We are hoping to house a Ukrainian family from the end of the month , a woman and 3 girls over 12.My wife is between jobs so can do the driving for a month.
After that, we're not sure. I was thinking of lending/giving the family the money for a car.
I know nothing about cars and am a non driver. Can you buy a reliable car for £1500 max? Just comparing it to a bike where I would never recommend a £100 bike.
Any advice appreciated.
Thanks
Tony
 
Just a thought, try contacting a local 2nd hand car dealer and see if they could help. People are mostly very positive about the plight of Ukrainians so an association with such would be a bonus for any business involved.
Excellent idea
They could go for the publicity and cheap or even free
 
I use a 1998 Ford Focus to commute to work. 40 mile round trip. Cost me £600 four years ago and never fails. Only have wear and tear repairs on the yearly service. It's a Ghia so the CD player is decent enough as well. Appreciate a lot of people would not want to be seen driving a 25 year old car (my son is one!) but it certainly doesn't bother me.
 
Just a thought, try contacting a local 2nd hand car dealer and see if they could help. People are mostly very positive about the plight of Ukrainians so an association with such would be a bonus for any business involved.

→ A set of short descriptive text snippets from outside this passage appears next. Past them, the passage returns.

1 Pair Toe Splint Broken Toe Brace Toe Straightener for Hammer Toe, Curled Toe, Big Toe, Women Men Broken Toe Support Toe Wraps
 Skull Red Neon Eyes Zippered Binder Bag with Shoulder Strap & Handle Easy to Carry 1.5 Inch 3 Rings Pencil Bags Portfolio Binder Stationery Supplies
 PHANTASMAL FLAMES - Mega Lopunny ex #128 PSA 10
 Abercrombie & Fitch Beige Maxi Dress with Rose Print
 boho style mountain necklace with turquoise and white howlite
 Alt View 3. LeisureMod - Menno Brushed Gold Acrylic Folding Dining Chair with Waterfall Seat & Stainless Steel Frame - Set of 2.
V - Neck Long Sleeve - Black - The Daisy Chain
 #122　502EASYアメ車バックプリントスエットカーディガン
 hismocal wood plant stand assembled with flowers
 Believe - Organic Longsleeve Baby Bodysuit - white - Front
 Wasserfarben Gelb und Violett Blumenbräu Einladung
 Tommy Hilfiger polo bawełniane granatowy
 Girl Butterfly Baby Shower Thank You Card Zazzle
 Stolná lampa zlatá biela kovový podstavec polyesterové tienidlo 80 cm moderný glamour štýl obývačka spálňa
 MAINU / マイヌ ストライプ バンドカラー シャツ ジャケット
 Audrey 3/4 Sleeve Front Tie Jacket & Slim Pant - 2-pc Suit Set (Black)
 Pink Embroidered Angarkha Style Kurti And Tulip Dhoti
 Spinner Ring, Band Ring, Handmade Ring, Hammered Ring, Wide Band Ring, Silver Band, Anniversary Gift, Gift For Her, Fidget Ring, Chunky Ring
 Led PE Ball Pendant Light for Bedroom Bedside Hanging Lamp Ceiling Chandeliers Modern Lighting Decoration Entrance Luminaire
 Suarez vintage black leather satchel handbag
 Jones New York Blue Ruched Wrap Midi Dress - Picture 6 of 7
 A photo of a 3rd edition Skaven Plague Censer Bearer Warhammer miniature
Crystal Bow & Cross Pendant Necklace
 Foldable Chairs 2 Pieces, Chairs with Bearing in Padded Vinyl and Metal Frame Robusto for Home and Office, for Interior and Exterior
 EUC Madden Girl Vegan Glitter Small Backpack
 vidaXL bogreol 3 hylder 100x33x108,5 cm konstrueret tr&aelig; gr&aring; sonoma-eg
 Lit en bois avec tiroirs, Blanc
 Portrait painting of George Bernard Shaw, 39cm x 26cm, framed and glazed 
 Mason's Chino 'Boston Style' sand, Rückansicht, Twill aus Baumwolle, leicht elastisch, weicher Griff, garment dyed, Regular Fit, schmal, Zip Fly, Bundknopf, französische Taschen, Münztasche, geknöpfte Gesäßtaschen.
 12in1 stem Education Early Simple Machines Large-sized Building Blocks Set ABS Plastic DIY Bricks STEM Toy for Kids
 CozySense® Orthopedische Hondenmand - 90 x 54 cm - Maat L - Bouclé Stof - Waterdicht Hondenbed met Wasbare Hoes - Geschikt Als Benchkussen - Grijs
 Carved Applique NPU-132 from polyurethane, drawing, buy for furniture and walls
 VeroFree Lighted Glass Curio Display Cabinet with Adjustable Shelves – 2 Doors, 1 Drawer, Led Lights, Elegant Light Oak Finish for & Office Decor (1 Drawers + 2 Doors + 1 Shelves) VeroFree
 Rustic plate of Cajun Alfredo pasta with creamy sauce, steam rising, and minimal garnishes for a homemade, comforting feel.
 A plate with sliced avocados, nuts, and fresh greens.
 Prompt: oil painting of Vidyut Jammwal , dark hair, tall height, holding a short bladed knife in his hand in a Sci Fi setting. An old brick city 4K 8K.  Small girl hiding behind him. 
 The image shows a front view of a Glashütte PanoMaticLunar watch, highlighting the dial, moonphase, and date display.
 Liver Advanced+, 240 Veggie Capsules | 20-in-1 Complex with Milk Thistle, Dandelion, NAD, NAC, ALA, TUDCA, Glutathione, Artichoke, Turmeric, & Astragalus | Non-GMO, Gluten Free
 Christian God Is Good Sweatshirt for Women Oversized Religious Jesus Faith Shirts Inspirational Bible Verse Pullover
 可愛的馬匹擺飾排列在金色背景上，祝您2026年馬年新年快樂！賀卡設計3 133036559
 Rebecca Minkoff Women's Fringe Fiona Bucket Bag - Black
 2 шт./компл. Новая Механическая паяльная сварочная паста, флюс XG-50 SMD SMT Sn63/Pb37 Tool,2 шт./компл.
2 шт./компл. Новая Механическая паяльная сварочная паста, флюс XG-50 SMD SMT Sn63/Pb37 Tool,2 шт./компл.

This - they may have a P/X knocking around you could borrow.

Failing that, as a connoisseur of low budget motoring, a manual Ford Focus or Peugeot 307/308 5 door or estate spring to mind.
 
You should be able to find a Honda Accord at around that price. Honda reliability and ample room, especially if you can source an estate.
 
my Dads Ford Focus has been bullet proof. His early one rusted away.

"They all do that, Sir, it's a feature". Mechanically they are bulletproof as you say, they do tend to rust. Mazda 3 and Volvo S40/V50/C30 are based on the same platform as the Late-2000s model Focus
 
Ford badge, 10+ years old, ideally below 100k miles. Petrol engine if you can find one. Yes, fuel use will be more but they won't be doing mega miles. Ensure 6+ months MoT. £1500, take your pick, even in the current world of elevated prices.
I run older cars, my current car is a 2009 diesel Audi A5 with 188k miles on board. I had great service from a Ford Mondeo 1.8 petrol, 2003. Bought it in 2014 with 95k miles, covered 60k incident free miles in 4 years at a cost of about £300 a year in servicing and MoT repairs (the usual run of brakes, suspension bushes, bearings etc). 38mog average over that time and tyres at £50 a corner. It was nice to drive too, against the odds. I'd have a Mondeo, Focus, Fiesta as a daily hack tomorrow, without hesitation.
 
I would get an insurance quote and see how driver licencing works before worrying too much about vehicle specifics. That sorted, a 10-15 year old Ford Focus/Fiesta seems sensible.
 
Definitely check insurance first and don't forget vehicle licence duty as well, differences there can be huge.

I'd say for a car at this level the make and model of the car is rather less important than the condition and history. I'd be looking for a 10+ year old small engined petrol car owned by an older person that doesn't drive a lot and has it serviced every year.